Study material -
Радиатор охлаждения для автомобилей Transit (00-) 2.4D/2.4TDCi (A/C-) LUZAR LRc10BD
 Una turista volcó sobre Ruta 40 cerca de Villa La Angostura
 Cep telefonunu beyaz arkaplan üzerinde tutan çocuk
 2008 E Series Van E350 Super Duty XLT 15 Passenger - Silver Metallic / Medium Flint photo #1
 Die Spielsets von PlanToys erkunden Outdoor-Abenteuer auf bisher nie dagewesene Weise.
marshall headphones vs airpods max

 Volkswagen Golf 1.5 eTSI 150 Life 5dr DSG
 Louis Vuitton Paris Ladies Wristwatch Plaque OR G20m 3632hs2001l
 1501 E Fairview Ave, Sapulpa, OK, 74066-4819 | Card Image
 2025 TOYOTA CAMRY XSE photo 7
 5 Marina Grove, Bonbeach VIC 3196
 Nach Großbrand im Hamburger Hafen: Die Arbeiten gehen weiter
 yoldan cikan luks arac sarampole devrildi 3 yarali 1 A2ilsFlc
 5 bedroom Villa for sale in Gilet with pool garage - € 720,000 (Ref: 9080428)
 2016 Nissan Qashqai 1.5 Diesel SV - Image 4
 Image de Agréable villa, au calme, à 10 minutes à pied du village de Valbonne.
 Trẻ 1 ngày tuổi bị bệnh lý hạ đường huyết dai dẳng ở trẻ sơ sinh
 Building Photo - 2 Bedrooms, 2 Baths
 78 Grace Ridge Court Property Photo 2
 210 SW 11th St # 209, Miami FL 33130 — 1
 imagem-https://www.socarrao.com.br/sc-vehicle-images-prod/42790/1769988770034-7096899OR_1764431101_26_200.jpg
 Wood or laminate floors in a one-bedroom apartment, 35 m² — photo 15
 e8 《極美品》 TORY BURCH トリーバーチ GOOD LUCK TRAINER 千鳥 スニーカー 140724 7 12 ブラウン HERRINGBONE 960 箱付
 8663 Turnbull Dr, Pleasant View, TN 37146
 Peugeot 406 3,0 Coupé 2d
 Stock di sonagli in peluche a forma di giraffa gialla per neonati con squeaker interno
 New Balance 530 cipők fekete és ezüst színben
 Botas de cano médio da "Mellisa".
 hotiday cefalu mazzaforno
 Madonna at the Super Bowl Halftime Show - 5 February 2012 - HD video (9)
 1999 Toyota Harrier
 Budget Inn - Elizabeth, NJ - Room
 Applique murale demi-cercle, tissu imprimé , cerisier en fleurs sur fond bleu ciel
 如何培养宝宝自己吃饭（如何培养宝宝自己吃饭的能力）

Exercise aim -
Every line in the listing that holds "Super" belongs in the answer.

Task result -
 2008 E Series Van E350 Super Duty XLT 15 Passenger - Silver Metallic / Medium Flint photo #1
 Madonna at the Super Bowl Halftime Show - 5 February 2012 - HD video (9)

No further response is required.